----- Material provided

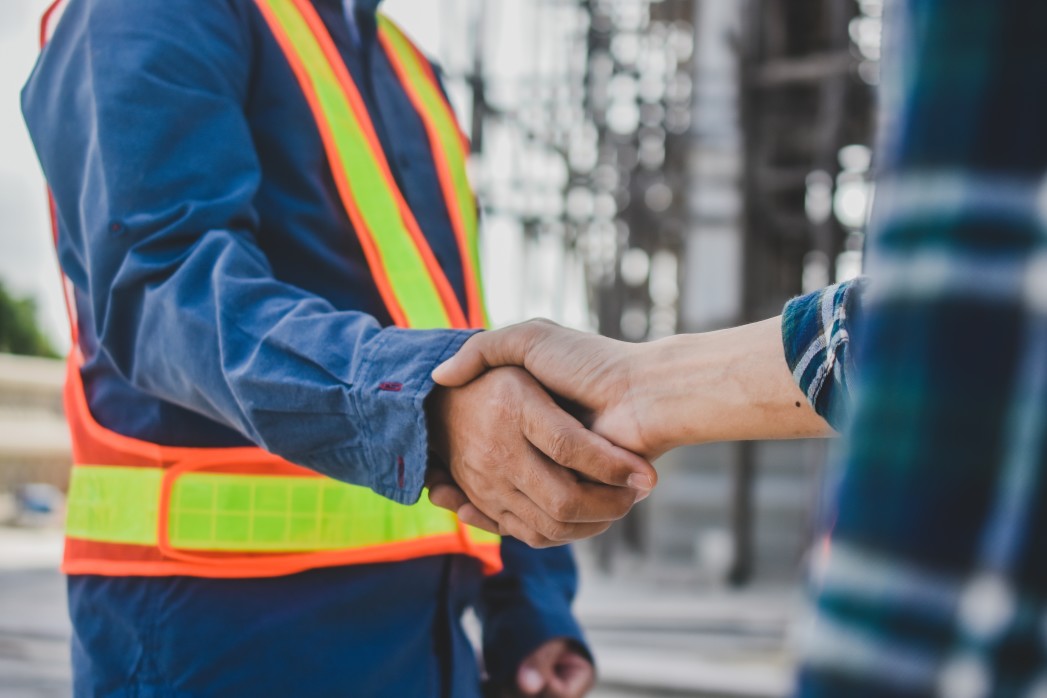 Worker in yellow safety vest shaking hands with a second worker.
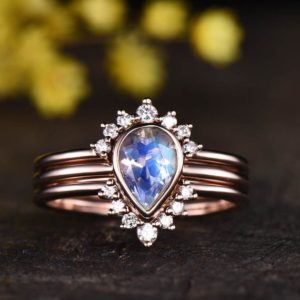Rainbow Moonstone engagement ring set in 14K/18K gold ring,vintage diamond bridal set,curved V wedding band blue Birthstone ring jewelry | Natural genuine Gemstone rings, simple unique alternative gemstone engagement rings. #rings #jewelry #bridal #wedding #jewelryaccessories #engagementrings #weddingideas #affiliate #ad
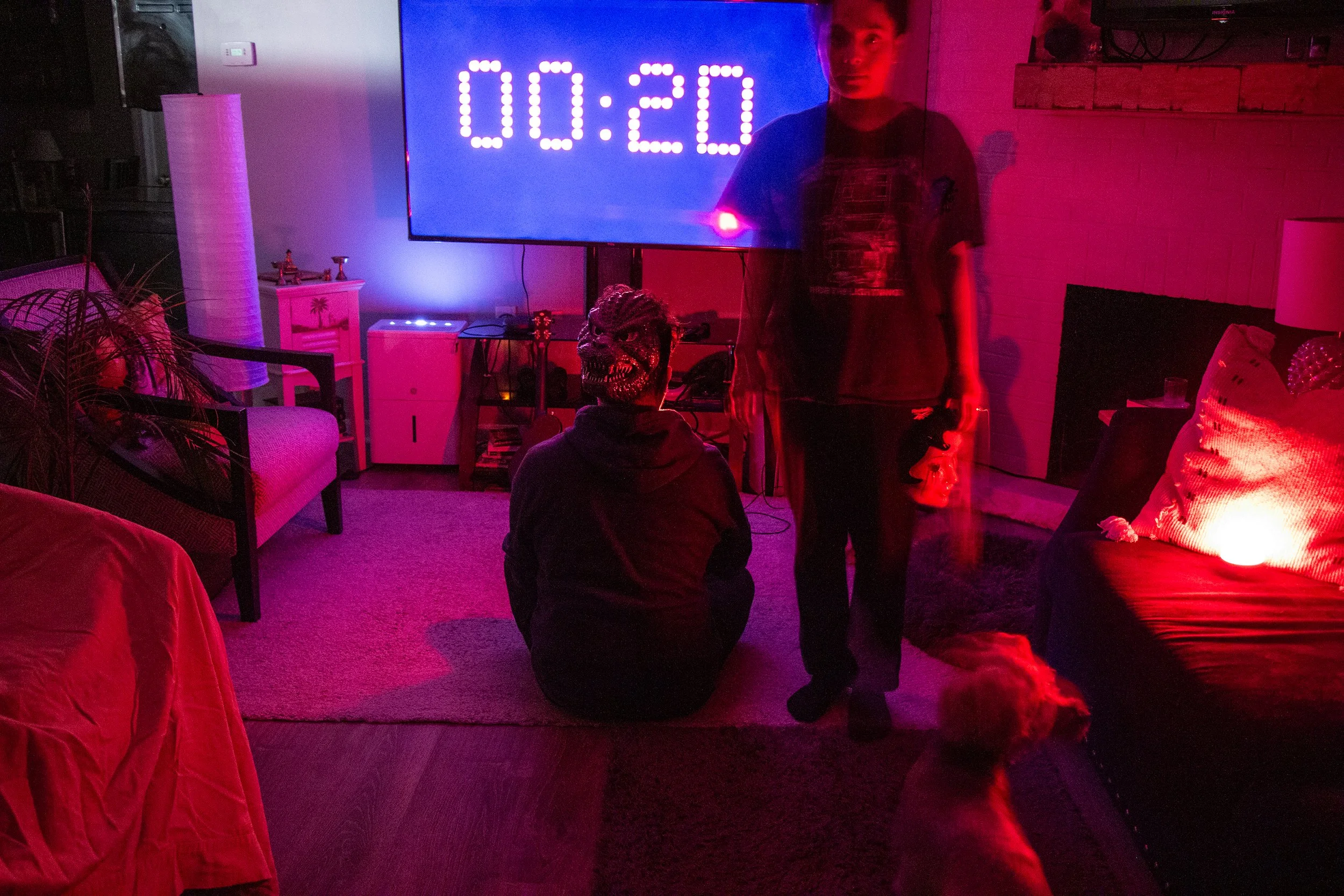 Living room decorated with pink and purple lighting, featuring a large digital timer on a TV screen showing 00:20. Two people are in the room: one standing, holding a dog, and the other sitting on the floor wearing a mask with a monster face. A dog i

----------

▸ **What you should do**
Set down the material exactly, every line of it, except for the pictures.

▸ **Solution for this problem**
 Worker in yellow safety vest shaking hands with a second worker.
Rainbow Moonstone engagement ring set in 14K/18K gold ring,vintage diamond bridal set,curved V wedding band blue Birthstone ring jewelry | Natural genuine Gemstone rings, simple unique alternative gemstone engagement rings. #rings #jewelry #bridal #wedding #jewelryaccessories #engagementrings #weddingideas #affiliate #ad
 Living room decorated with pink and purple lighting, featuring a large digital timer on a TV screen showing 00:20. Two people are in the room: one standing, holding a dog, and the other sitting on the floor wearing a mask with a monster face. A dog i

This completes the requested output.